Ces annonces font suite à des informations selon lesquelles l’Iran développe un système plus vaste pour gérer le trafic dans le détroit, utilisant des autorisations de sécurité, des frais de transit et potentiellement même une assurance adossée au Bitcoin.
Depuis le début de la guerre contre les États-Unis et Israël, l’Iran n’a autorisé qu’un faible nombre de navires à traverser cette voie navigable.
Environ un cinquième de l’approvisionnement mondial en pétrole transite normalement par le détroit d’Ormuz, ce qui fait de toute perturbation ou tentative d’imposer de nouveaux contrôles une préoccupation majeure pour les marchés mondiaux de l’énergie et les compagnies maritimes.

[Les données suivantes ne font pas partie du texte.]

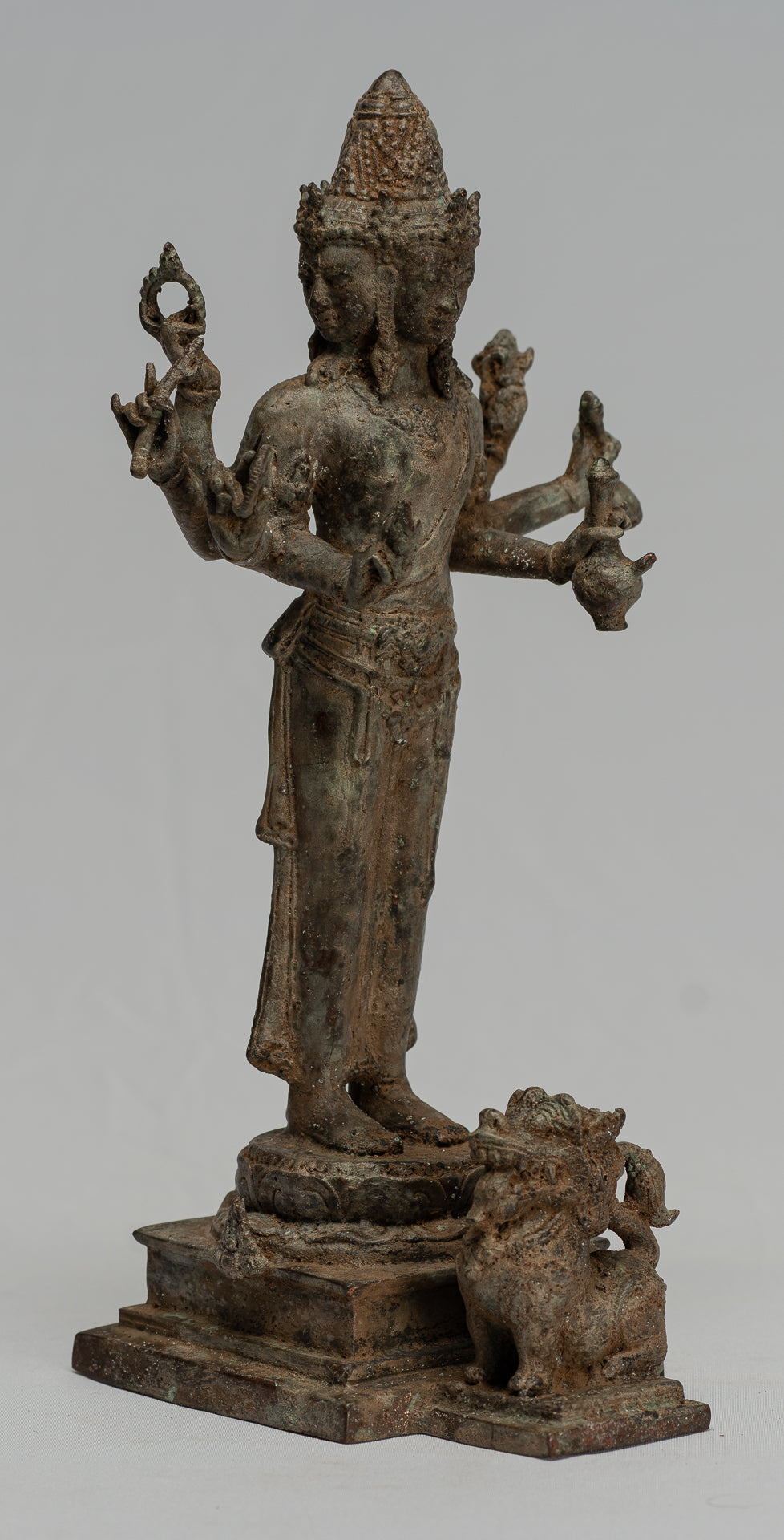 Brahma Statue - Antique Indonesian Style Majapahit Standing Bronze Brahma Statue - 29cm/12"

Les États-Unis, l’Union européenne et les pays du Golfe (Arabie saoudite, EAU, Qatar, Koweït, Bahreïn) rejettent fermement cette autorité, la qualifiant d’illégale. Ces États ont adressé une lettre à l’Organisation maritime internationale (IMO) pour dénoncer cette tentative de mainmise territoriale qui viole le droit de la mer.
Cette revendication stratégique intervient dans un contexte de crise où Téhéran tente d’imposer ses conditions dans un couloir vital par lequel transite une part significative de l’approvisionnement mondial en hydrocarbures. L’accès aux détails des réglementations ou les enjeux de conformité sont suivis de près par les armateurs et les assureurs via des plateformes comme le Windward Blog
Cette extension unilatérale des frontières maritimes iraniens dans le détroit d’Ormuz s’approprie des zones réglementaires situées en plein cœur des eaux territoriales des Émirats arabes unis (EAU) et d’Oman.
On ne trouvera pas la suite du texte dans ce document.